Nel suo lavoro lei alterna molto spesso lungometraggi di finzione e documentari: che differenza fa per un montatore lavorare su film di generi così diversi?

«La differenza è molto grande perché i documentari spesso non hanno sceneggiatura e a volte nemmeno un progetto scritto. Mi è capitato di lavorare su documentari che hanno solo il girato, mentre i film di finzione hanno comunque la sceneggiatura come base che, soprattutto in un primo momento, viene seguita anche durante il montaggio. È una guida precisa, anche se poi magari la si cambia, si iniziano a fare spostamenti o tagli. Nel documentario invece sostanzialmente non hai nulla e quando inizi a montare devi creare la storia, la narrazione. Già scegliere la prima inquadratura è come mettere il primo mattone di una costruzione. Il lavoro è più complesso, più lungo ma anche più creativo. Ho montato molti film di Gianfranco Rosi (Sacro GRA, Fuocoammare) che lui gira da solo, occupandosi anche della camera e del suono, e a parte lui a lavorare sul film ci sono solo io. Quindi i suoi sono film che nascono interamente al montaggio ed è chiaro che il nostro diventa un rapporto fondamentale e privilegiato».

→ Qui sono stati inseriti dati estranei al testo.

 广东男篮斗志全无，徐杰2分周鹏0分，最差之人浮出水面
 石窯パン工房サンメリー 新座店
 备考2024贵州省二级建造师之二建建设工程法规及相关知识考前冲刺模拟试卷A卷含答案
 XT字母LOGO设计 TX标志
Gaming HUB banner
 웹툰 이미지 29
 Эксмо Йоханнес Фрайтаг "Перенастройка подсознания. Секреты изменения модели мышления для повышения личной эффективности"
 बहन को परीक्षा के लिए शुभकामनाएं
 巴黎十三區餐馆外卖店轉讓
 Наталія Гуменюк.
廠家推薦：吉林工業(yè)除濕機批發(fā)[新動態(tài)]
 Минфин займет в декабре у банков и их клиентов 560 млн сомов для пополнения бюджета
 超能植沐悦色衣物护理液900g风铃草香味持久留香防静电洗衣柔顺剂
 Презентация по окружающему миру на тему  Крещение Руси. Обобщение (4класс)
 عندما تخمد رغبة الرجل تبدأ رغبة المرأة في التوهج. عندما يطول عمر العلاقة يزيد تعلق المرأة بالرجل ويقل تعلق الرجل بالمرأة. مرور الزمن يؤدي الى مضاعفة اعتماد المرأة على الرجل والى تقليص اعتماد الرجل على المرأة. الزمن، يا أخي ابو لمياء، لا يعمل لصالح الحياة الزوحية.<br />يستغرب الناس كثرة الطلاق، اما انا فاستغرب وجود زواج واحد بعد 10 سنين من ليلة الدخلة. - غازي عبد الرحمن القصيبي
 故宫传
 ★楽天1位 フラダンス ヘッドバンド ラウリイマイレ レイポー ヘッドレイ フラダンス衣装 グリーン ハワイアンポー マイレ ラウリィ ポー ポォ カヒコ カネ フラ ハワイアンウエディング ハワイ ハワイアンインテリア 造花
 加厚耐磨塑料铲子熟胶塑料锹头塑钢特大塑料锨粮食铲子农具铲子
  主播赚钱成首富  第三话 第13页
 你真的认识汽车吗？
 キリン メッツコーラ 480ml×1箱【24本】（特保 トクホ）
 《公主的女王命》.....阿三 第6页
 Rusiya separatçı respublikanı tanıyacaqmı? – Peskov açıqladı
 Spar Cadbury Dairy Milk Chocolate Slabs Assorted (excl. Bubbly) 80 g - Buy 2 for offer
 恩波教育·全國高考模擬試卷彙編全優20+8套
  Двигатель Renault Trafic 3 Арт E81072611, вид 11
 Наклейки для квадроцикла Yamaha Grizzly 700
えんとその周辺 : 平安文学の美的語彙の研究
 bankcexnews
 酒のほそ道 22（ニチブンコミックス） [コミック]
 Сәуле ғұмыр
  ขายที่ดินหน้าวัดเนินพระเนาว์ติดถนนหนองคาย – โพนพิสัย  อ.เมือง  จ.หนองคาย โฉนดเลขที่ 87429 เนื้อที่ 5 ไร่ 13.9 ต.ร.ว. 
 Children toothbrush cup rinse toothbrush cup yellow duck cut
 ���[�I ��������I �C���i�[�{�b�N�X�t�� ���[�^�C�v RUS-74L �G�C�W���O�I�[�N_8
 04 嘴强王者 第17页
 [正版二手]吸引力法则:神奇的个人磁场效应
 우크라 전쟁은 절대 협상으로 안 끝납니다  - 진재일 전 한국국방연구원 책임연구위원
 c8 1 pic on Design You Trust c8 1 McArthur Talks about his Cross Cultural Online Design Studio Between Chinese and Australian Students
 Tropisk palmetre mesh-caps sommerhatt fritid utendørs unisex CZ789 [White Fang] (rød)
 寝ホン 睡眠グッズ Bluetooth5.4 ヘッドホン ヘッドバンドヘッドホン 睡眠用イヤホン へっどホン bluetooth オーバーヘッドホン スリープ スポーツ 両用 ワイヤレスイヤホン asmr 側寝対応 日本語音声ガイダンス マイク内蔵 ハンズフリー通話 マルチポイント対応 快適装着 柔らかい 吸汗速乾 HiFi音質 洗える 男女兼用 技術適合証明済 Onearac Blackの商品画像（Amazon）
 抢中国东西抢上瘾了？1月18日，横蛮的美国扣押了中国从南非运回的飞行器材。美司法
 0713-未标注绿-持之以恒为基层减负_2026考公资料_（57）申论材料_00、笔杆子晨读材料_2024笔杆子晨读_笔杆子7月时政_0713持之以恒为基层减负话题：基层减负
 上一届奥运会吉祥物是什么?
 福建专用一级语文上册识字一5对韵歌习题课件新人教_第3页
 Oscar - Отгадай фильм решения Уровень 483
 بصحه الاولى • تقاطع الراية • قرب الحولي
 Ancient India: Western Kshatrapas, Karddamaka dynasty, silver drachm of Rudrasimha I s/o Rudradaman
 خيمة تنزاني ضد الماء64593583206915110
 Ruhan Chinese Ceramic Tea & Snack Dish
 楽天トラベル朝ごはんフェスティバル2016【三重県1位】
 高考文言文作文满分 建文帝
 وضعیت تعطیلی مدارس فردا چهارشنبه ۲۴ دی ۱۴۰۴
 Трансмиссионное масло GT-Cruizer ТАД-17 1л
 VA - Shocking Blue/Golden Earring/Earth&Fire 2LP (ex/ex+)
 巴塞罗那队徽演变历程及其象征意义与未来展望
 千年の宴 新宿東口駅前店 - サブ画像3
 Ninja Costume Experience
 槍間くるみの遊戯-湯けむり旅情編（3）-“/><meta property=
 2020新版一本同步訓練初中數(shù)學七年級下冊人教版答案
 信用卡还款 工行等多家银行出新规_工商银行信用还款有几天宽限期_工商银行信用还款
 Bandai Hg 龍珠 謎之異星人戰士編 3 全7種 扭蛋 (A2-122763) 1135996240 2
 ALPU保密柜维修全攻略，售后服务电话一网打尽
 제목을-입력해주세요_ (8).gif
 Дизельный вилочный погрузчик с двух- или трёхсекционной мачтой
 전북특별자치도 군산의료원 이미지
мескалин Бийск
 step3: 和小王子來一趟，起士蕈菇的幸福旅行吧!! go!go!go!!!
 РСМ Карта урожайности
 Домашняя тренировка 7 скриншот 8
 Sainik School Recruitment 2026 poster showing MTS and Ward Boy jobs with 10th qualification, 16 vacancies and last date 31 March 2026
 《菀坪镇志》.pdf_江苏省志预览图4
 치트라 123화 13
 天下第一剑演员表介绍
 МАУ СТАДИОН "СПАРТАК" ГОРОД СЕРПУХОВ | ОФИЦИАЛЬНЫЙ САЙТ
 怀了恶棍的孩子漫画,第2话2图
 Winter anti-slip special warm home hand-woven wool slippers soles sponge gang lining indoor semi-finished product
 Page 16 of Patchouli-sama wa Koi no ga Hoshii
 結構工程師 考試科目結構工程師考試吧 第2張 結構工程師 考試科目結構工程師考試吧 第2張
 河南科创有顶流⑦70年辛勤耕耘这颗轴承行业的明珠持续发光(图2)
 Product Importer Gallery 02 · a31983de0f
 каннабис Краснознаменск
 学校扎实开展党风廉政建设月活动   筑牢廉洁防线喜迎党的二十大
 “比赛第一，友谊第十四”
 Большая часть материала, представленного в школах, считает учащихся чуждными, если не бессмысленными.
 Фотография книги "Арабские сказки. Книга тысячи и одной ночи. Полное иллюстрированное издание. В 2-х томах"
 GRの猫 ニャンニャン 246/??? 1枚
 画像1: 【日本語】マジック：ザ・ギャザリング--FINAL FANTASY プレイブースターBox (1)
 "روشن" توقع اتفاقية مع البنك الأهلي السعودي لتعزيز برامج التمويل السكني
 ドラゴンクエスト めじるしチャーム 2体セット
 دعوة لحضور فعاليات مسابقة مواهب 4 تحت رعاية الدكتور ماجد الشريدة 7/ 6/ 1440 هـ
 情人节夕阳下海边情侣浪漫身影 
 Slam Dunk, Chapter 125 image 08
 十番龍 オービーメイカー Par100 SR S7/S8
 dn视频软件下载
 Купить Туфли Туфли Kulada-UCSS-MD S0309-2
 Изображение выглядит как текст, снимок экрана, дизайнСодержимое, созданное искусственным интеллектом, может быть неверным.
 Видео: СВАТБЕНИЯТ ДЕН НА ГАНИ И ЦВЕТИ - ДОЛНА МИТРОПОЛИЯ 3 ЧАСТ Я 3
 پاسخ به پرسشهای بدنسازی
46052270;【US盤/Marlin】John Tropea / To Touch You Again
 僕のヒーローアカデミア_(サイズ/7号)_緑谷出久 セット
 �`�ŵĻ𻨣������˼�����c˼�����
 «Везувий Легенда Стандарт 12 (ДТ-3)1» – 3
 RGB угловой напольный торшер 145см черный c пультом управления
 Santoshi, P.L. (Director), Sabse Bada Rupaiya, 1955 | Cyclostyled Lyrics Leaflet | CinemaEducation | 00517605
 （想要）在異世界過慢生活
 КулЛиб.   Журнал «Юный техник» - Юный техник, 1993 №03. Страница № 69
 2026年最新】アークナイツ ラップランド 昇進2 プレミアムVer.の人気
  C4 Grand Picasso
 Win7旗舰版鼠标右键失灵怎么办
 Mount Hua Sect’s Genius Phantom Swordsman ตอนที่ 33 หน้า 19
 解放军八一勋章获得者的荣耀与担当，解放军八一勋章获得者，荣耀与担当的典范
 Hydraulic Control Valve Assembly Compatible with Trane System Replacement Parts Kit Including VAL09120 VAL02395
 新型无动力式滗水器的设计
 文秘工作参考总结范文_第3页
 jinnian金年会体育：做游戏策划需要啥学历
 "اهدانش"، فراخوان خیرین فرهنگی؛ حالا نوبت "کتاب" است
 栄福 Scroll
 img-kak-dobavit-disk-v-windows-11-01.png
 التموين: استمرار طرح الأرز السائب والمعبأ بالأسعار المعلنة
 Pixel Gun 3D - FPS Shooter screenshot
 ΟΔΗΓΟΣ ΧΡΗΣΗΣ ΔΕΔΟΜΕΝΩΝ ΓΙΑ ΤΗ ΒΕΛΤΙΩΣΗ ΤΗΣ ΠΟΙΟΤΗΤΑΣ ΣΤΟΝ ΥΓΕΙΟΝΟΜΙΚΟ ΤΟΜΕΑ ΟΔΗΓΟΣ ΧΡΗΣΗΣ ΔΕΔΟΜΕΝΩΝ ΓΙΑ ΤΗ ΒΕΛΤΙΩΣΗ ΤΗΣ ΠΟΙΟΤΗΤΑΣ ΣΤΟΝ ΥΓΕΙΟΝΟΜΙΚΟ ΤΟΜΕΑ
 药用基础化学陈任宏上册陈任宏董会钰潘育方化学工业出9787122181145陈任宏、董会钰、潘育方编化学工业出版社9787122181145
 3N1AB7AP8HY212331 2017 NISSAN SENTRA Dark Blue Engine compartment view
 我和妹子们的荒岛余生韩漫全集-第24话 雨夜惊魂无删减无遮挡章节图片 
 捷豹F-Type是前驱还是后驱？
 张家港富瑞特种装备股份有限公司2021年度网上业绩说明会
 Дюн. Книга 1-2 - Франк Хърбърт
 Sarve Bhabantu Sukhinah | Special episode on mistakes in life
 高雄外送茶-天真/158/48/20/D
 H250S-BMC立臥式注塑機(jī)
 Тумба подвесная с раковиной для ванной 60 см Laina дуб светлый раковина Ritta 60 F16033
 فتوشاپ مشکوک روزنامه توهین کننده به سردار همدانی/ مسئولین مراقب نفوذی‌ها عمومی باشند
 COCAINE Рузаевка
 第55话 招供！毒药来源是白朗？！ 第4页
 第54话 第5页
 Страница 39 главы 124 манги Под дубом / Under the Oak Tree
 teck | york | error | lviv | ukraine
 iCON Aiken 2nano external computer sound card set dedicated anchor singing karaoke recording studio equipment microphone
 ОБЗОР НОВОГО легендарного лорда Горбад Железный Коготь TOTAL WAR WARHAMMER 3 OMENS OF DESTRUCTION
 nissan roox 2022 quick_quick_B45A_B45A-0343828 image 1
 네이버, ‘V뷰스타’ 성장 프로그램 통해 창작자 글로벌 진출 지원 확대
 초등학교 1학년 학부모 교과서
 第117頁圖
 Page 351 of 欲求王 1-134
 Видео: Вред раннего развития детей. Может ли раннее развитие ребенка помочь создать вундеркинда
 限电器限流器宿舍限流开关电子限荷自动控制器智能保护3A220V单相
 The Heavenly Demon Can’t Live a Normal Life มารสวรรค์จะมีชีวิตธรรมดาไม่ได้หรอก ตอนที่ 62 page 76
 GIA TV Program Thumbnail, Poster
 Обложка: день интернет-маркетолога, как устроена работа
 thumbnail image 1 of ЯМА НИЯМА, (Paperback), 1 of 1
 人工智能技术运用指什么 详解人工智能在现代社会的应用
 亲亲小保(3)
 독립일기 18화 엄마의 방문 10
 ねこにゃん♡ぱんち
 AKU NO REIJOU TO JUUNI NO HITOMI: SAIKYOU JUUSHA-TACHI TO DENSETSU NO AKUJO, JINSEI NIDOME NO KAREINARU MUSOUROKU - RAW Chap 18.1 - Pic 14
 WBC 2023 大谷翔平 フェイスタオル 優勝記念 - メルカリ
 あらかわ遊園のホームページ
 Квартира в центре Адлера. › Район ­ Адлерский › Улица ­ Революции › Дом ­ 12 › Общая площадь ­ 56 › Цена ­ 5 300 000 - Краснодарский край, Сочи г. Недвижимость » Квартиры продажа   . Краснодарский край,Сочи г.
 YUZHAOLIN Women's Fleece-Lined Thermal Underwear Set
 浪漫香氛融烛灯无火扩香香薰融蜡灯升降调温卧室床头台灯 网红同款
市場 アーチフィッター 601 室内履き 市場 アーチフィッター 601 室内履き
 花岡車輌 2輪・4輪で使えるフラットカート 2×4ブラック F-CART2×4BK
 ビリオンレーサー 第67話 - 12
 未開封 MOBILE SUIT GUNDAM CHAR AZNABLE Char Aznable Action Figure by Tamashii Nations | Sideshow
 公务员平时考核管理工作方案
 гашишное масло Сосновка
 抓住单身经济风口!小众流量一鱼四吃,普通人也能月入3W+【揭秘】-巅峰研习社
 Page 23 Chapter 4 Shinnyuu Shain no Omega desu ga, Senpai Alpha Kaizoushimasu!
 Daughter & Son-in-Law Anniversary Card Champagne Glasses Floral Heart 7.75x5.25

Sui documentari c’è meno pressione economica rispetto alle fiction e quindi più libertà?

«Sì e no, sui documentari c’è più pressione etica, perché si lavora con la realtà e siccome dal momento in cui metti insieme delle immagini a livello di montaggio stai manipolando la realtà, bisogna stare molto attenti a non falsare le cose, anche se effettivamente le stai falsando. Bisogna rimanere molto onesti, molto limpidi».

Nella sua filmografia ricorrono diversi nomi di registi (Martone, Virzì, Bechis, Rosi): come nasce un rapporto continuativo tra regista e montatore? È più facile lavorare con chi si conosce già?

«Sì, è più facile perché c’è già una consuetudine, una stima reciproca. A volte i rapporti però svaniscono subito, spesso ci si perde, non ci si trova durante il lavoro o i film non sono fortunati e quindi si cambiano i collaboratori. Poi sono sempre i registi che scelgono non i montatori. I montatori rispondono al telefono quando squilla».